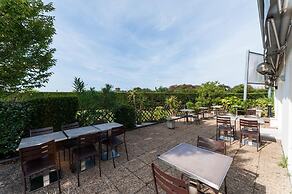 Hotel Campanile Biarritz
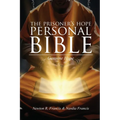 The Prisoner's Hope Personal Bible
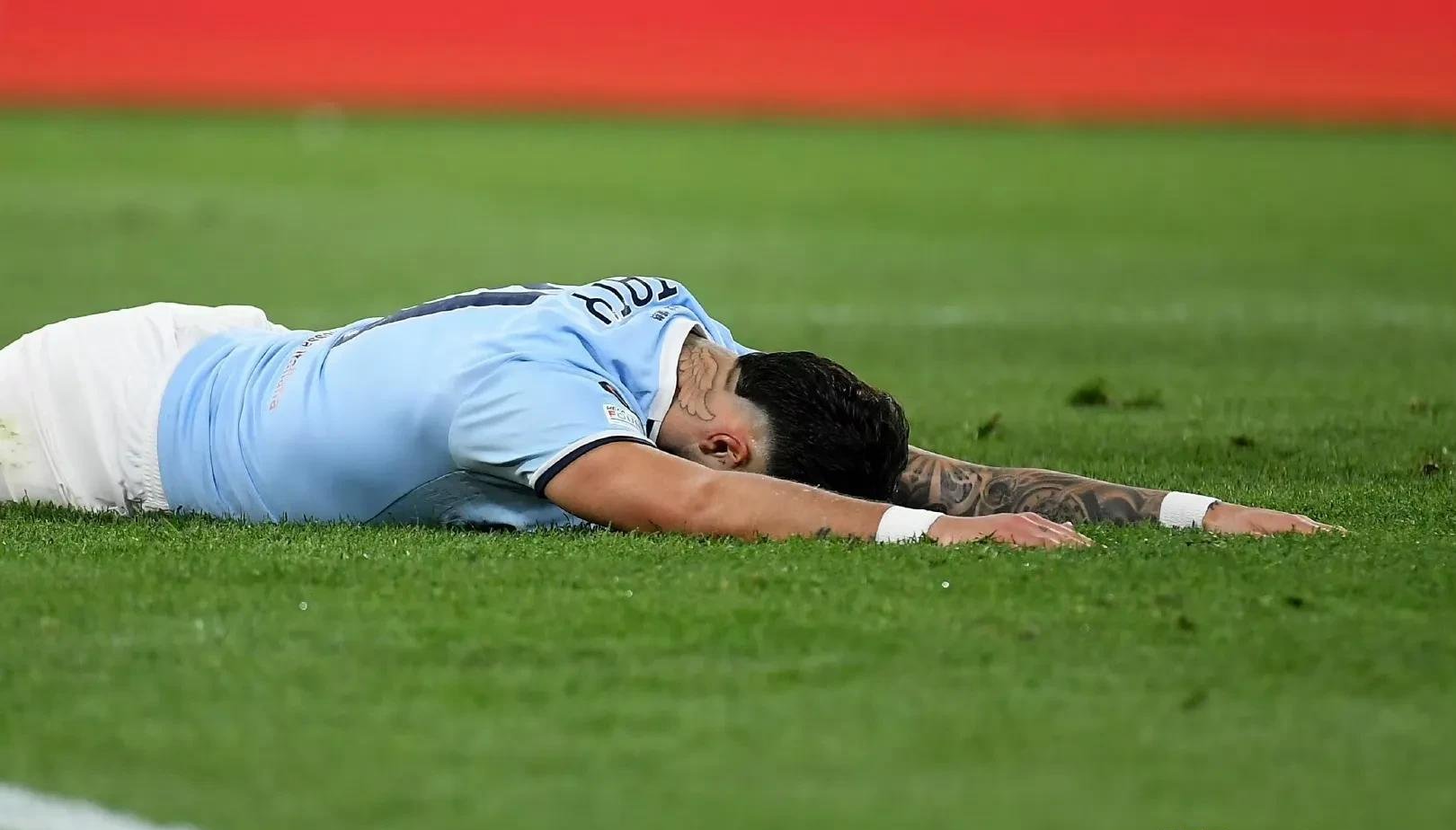 开云下载-摩纳哥主场负于昂热，遗憾失利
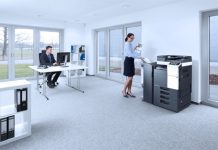 Konica Minolta devine Microsoft Silver Partner pentru Small and Midmarket Cloud Solutions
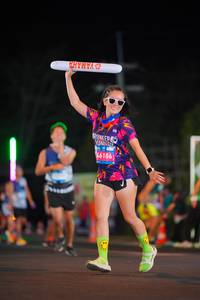 BIB: 
                            <button type="button" onclick="openModal(23300364)" class="btn btn-primary btn-sm float-right btn-popup" data-toggle="modal" data-target=".modal-high-quality">
                        <i class="fas fa-shopping-cart"></i> Add to Cart
                    </button>
                                            <button type="button" onclick="isThisMe(23300364, true)" class="btn btn-success btn-sm float-right btn-popup btn-isme hidden" data-toggle="tooltip" data-placement="bottom" title="นี่คือรูปของคุณใช่ไหม คลิกที่นี่เพื่อเอาเข้าอัลบั้ม">
                        <i class="fas fa-plus"></i> Add to album
                    </button>
                    <button type="button" onclick="isThisMe(23300364, false)" class="btn btn-warning btn-sm float-right btn-popup btn-isnotme hidden">
                        <i class="fas fa-ban"></i> Remove from album
                    </button>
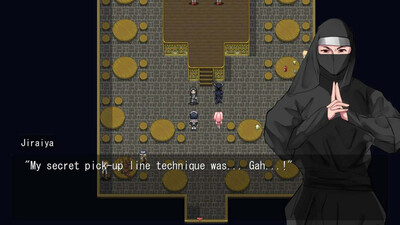 Cosplayer’s Quest - Изображение 2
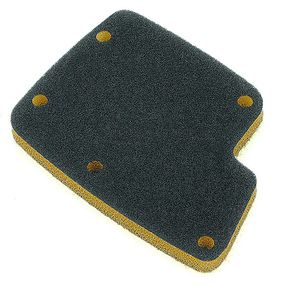 キャブレター・吸気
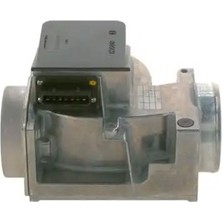 Bosch 0204123767 Ana Merkez 4601V7 77364703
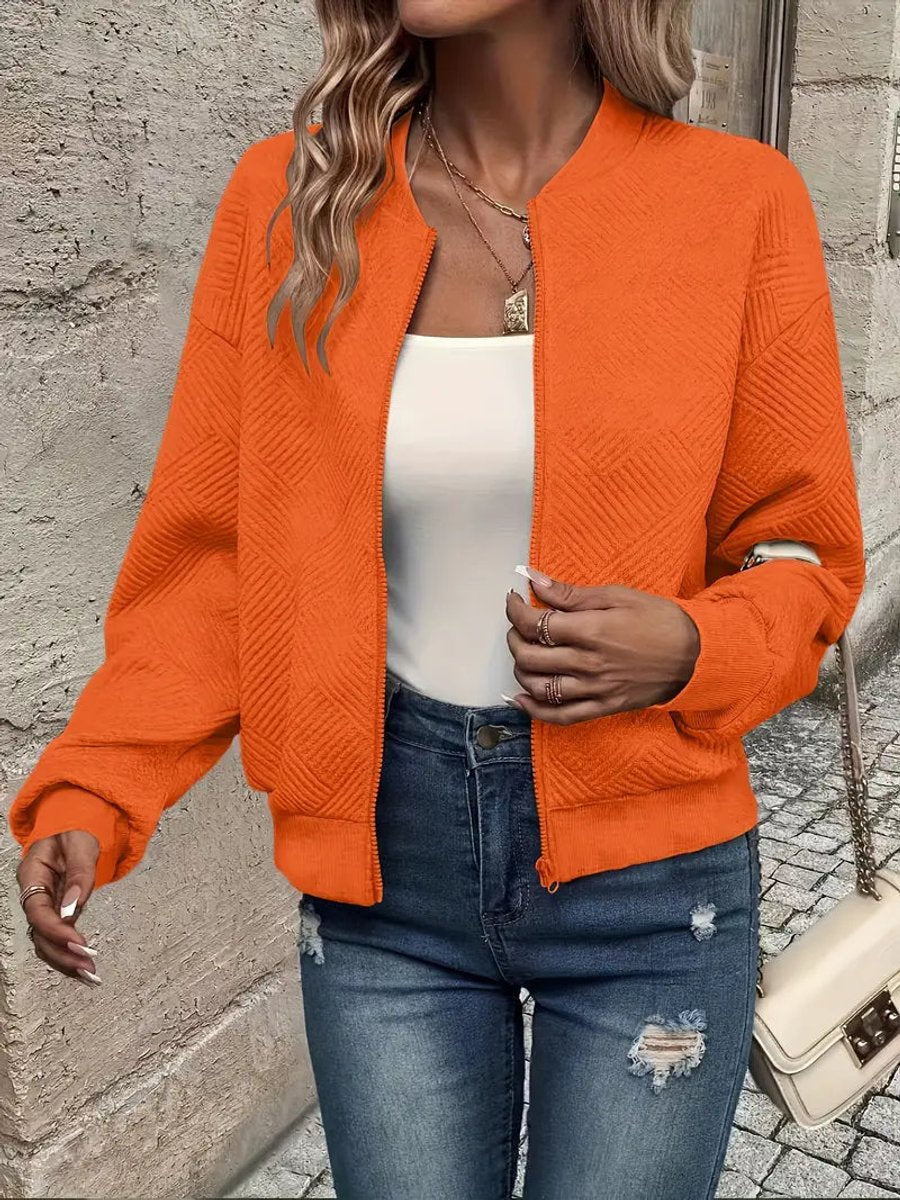 karen-tailored-quilted-zip-up-bomber-jacket-img7.jpg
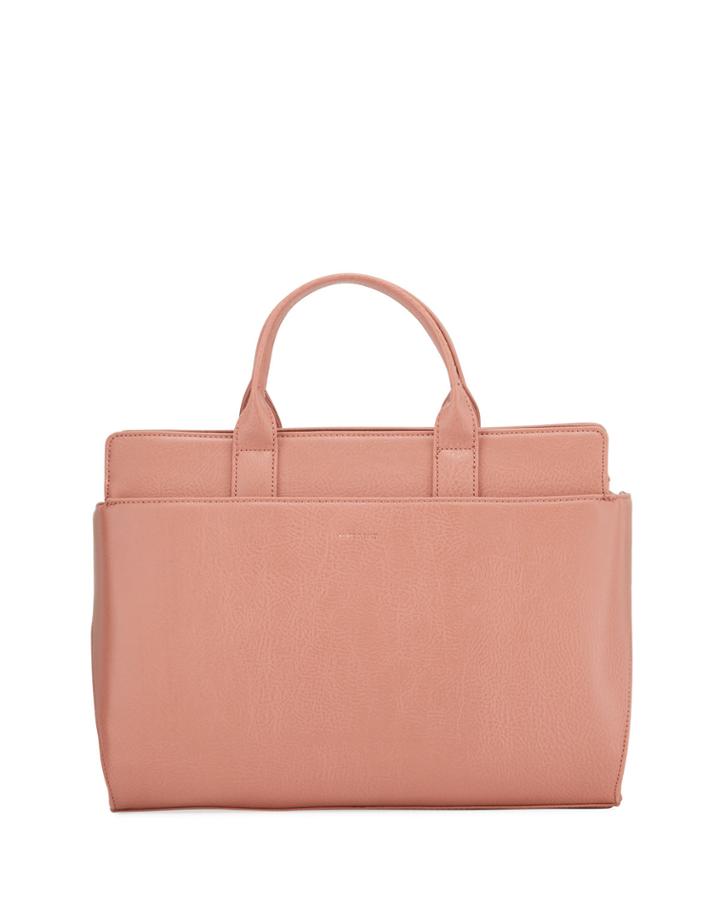 Gloria Dwell Top-handle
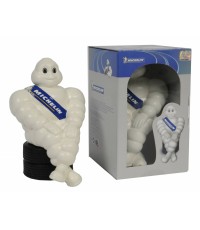 Michelin original på däck 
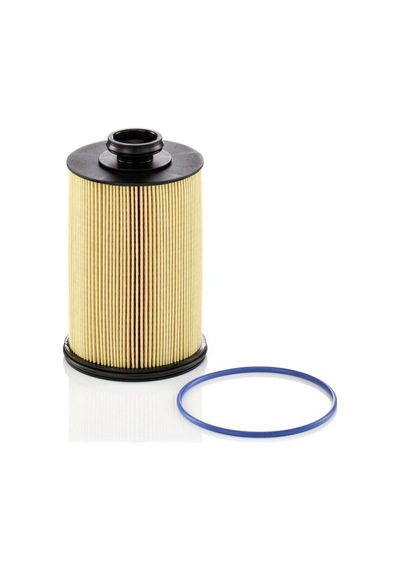 Separ Filtresi Man Tgs3/tgx3 Euro6 Ym 2020 Sonrası E465kpd445 81125016129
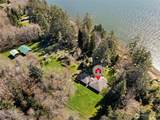 64 Mill Ranch Rd - Photo 40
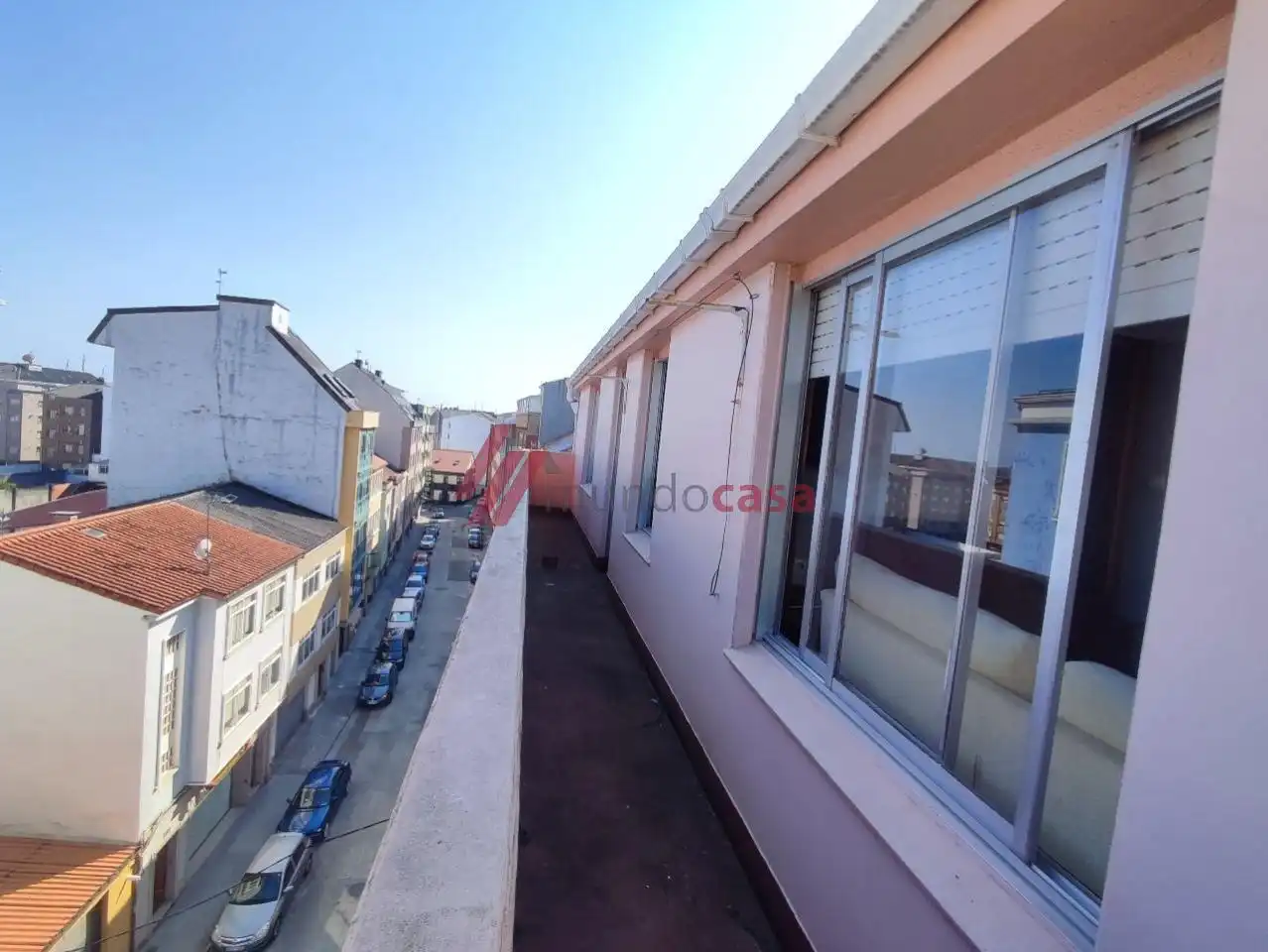 Àtic de lloguer a Fajardo, imagen 8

◇ ◇ ◇

TASK STATEMENT: Exactly as written, please copy out the whole set of records, skipping images.

RESPONSE TO THIS EXERCISE:
 Hotel Campanile Biarritz
 The Prisoner's Hope Personal Bible
 开云下载-摩纳哥主场负于昂热，遗憾失利
 Konica Minolta devine Microsoft Silver Partner pentru Small and Midmarket Cloud Solutions
 BIB: 
                            <button type="button" onclick="openModal(23300364)" class="btn btn-primary btn-sm float-right btn-popup" data-toggle="modal" data-target=".modal-high-quality">
                        <i class="fas fa-shopping-cart"></i> Add to Cart
                    </button>
                                            <button type="button" onclick="isThisMe(23300364, true)" class="btn btn-success btn-sm float-right btn-popup btn-isme hidden" data-toggle="tooltip" data-placement="bottom" title="นี่คือรูปของคุณใช่ไหม คลิกที่นี่เพื่อเอาเข้าอัลบั้ม">
                        <i class="fas fa-plus"></i> Add to album
                    </button>
                    <button type="button" onclick="isThisMe(23300364, false)" class="btn btn-warning btn-sm float-right btn-popup btn-isnotme hidden">
                        <i class="fas fa-ban"></i> Remove from album
                    </button>
 Cosplayer’s Quest - Изображение 2
 キャブレター・吸気
 Bosch 0204123767 Ana Merkez 4601V7 77364703
 karen-tailored-quilted-zip-up-bomber-jacket-img7.jpg
 Gloria Dwell Top-handle
 Michelin original på däck 
 Separ Filtresi Man Tgs3/tgx3 Euro6 Ym 2020 Sonrası E465kpd445 81125016129
 64 Mill Ranch Rd - Photo 40
 Àtic de lloguer a Fajardo, imagen 8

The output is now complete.